The recently passed tax law in New Jersey affected corporations (both ”C” and “S”) and partnerships. The following are excerpts from the law which affect most taxpayers.

Alternative Minimum Tax. Corporations (other than S corporations, professional corporations, investments companies and co-ops) are now required to calculate two annual taxes: the traditional corporation business tax (“CBT”) and the new alternative minimum tax assessment (“AMA”) The must pay the larger of the two.

The AMA is a sliding-scale tax that is applied against the amount of a company’s gross receipts or its gross profits—the company is allowed to choose whichever one it prefers, but once the choice is made, it must continue with that choice for a total of five consecutive years.
The first $2,000,000 in gross receipts and the first $1,000,000 in gross profits are exempt under the AMA. More elaborate limits apply for affiliated groups of companies.

If the AMA exceeds the CBT, the company must pay the AMA instead of the CBT. The excess of the AMA over the CBT constitutes a credit that may be carried forward to reduce the CBT liability in a future year.

The AMA applies to tax years beginning on or after January 1, 2002, and is set to expire for tax years beginning after June 30, 2006.

Increased Minimum Tax. The minimum tax that all corporations must pay each year has been increased from $210 to $500 for tax year 2002 and thereafter, except for corporations that are members of affiliated or controlled groups with total payrolls of $5,000,000 or more, whose minimum tax will be $2,000.

A New Tax on Partnerships and Professional Corporations. All entities which are classified as partnerships for federal income tax purposes (e.g., partnerships, limited liability companies and limited liability partnerships), which derive income from New Jersey sources and which have more than two owners are now subject to an annual “filing fee” of $150 for each owner of an interest in the entity, up to a maximum of $250,000.

The Act establishes a similar filing fee of $150 per licensed professional for professional corporations with more than two licensed professionals. This fee is also capped at $250,000.

Partnerships and Their Nonresident Partners. The new law imposes a tax on all partnerships other than those listed on a national stock exchange. It’s New Jersey’s way of collecting taxes from nonresident corporate partners.

The amount withheld is allowed as a credit on the nonresidents’ New Jersey tax returns.

Tax Cut for Small Businesses. Prior to the new law, the tax rate for corporations with net incomes of $100,000 or less was 7.5% of entire net income (corporations with net incomes greater than $100,000 were and continue to be taxed at the traditional 9% rate). Under the Act, corporations whose entire net incomes are $50,000 or less will be taxed at a 6.5% rate.

Tax Rates on S Corporations. The tax on the income of S corporations was being phased out. The rate in effect for years ending on or after July 1, 2002 was .67% and for years ending on or after July 1, 2003, there was to be no tax at all.
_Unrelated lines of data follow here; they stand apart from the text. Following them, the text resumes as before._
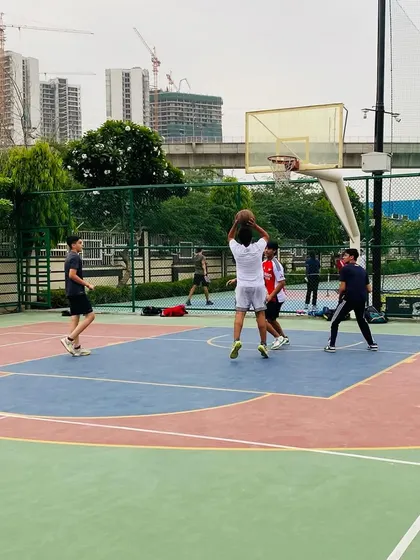 A jump shot from the free-throw line during a competitive practice match.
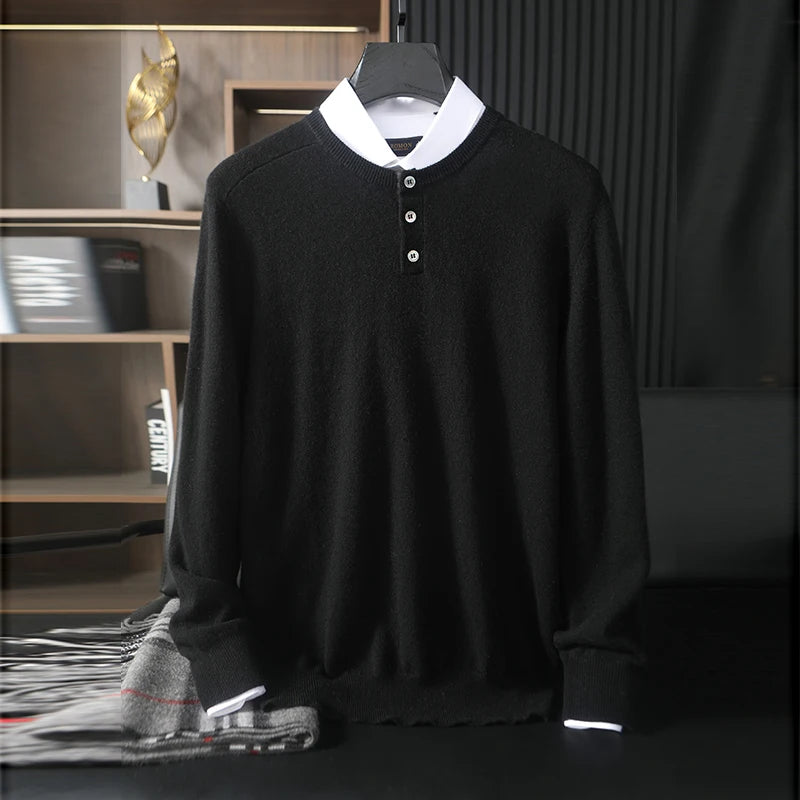 Black sweater with white collar on a hanger against a dark background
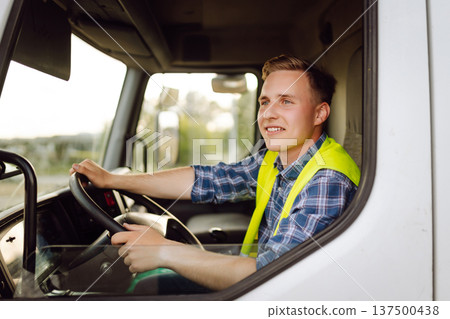 Driver at the wheel of a truck at work. Driver or forwarder on truck on a transshipment point 137500438
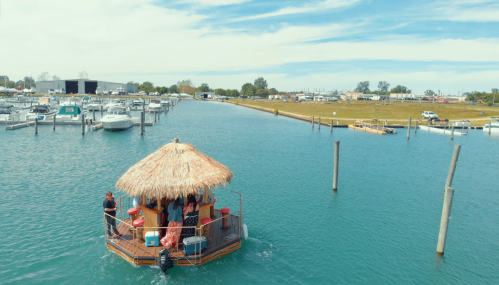 A floating tiki bar with people enjoying drinks, surrounded by boats in a calm blue waterway under a clear sky.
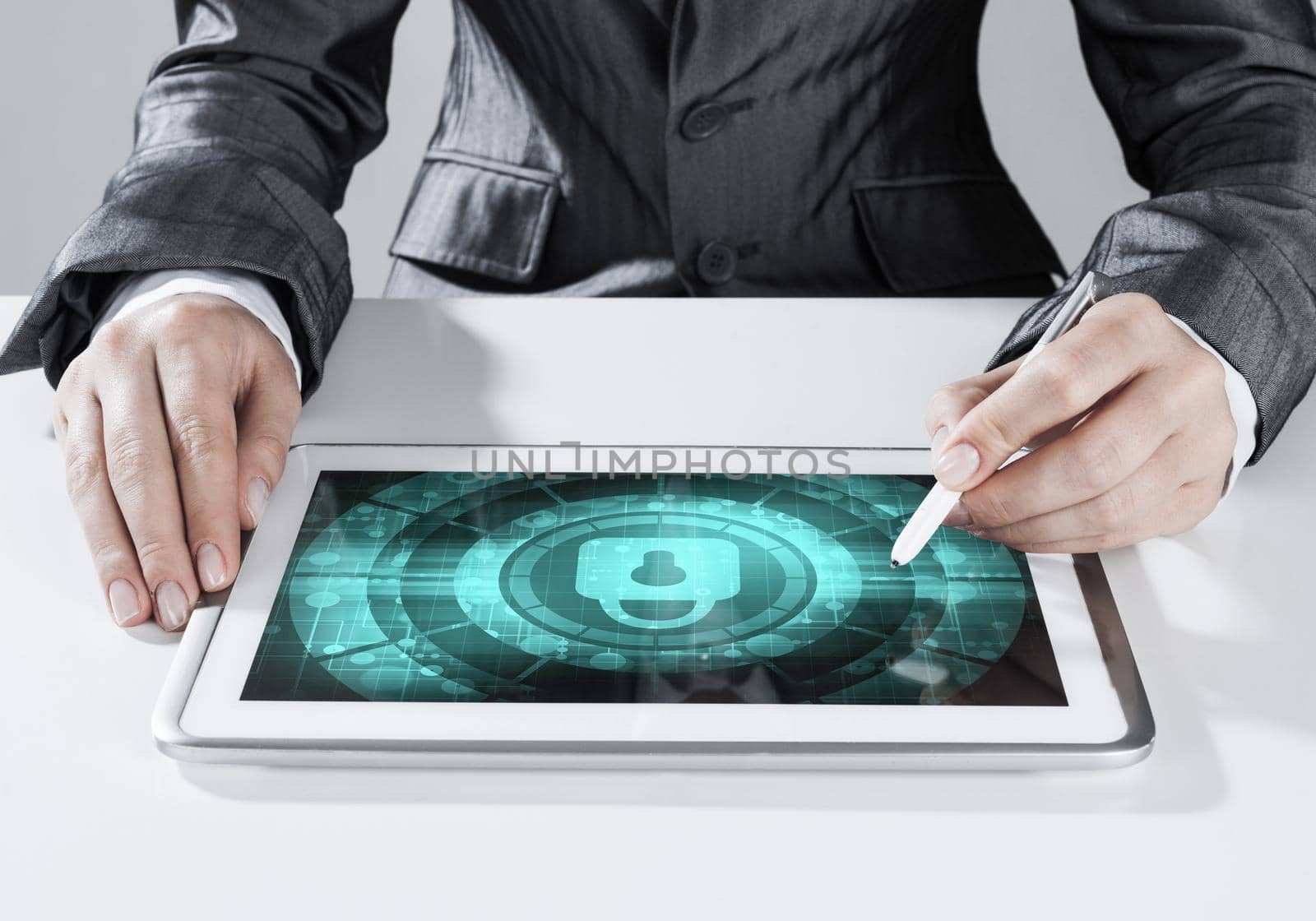 Close up of businesswoman sitting at atble and working on tablet pc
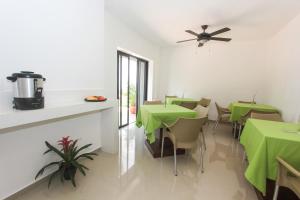 ein Esszimmer mit grünen Tischen und Stühlen in der Unterkunft Hotel Los Girasoles in Cancún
That’s changed. For years ending on or before June 30, 2006, the rate will be 1.33%; for years ending on or after July 1, 2006 but on or before June 30, 2007, the rate will be .67%; and for years ending on or after July 1, 2007, there will be no tax.

Allocation of Income—The Sales Fraction.
Multi-state companies may no longer include in the denominator of their sales fraction receipts assigned to another state or foreign country where the taxpayer is not subject to tax on, or measured by, profits or income, business presence, or business activity. This will effectively drive up the sales fraction for many companies doing business in other states, and that will drive up the amount of their income which is subject to tax in New Jersey.

Dividends Received. Historically, corporations have been allowed to exclude from income 100% of all dividends received from 80%-or-more owned subsidiaries and 50% of all other dividends included in federal taxable income. Under the new rules, the 100% rule remains in tact, but the exclusion of 50% only applies to dividends received from entities in which the corporation owns 50% or more of the stock.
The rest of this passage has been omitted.